The relationship between spy photographer and prototype engineer is something akin to hunter and prey. Engineers often do their best to evade the prying lens by fleeing but will, on occasion, try to attack the photographer.
In this instance we see an angry Swedish Volvo engineer trying to protect the XC40 concept from KGP photographer and Jalopnik contributor Brian Williams, up to the point of attempting to break his equipment.
Here's how it all went down.
Talk to any spy photographer and they'll tell stories of engineers slamming hoods on their cameras, charging at them with cars, and otherwise trying to make their lives hell (returning the favor, I suppose). Yet, as long as the photographers are in a public area what they're doing is neither illegal nor unconscionable.
The unwritten line appears to be at harming/touching. A spy photographer won't touch or hop into a car (so far as we've heard) and an engineer won't physically assault someone with a camera.
No one told the Swedish Volvo guy, who grabs Williams' camcorder in an attempt to get him to stop filming. Why would he go to such lengths to protect something as boring as an XC40? Williams gives a little insight.

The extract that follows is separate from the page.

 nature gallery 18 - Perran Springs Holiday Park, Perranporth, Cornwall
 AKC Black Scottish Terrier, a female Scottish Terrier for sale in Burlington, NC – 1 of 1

I was filming the Volvo XC40 testing in the Rockies when the engineer lost it. He decided that I had filmed enough and wanted to break my camcorder. My wife was in the car so it made things a little interesting. After the video ends he approached my wife at which point I said "If you go near her I'll knock you out" and at that point he came to his senses.
I told him that you can't just attack people for videoing in public and told him that I knew he was here on a visa. He started apologizing and explained that he gets chewed out every time the car gets video'd/photographed, but his bosses don't understand that you can't hide a car that looks like a zebra.
I told him I wouldn't show the video to local police, and I never saw him again. I ended up having a bruise on my arm for about two weeks.
Happy ending, however, in that the zoom started working again. Just to think, car companies are now giving out "spy" photos of their cars for people like us to publish.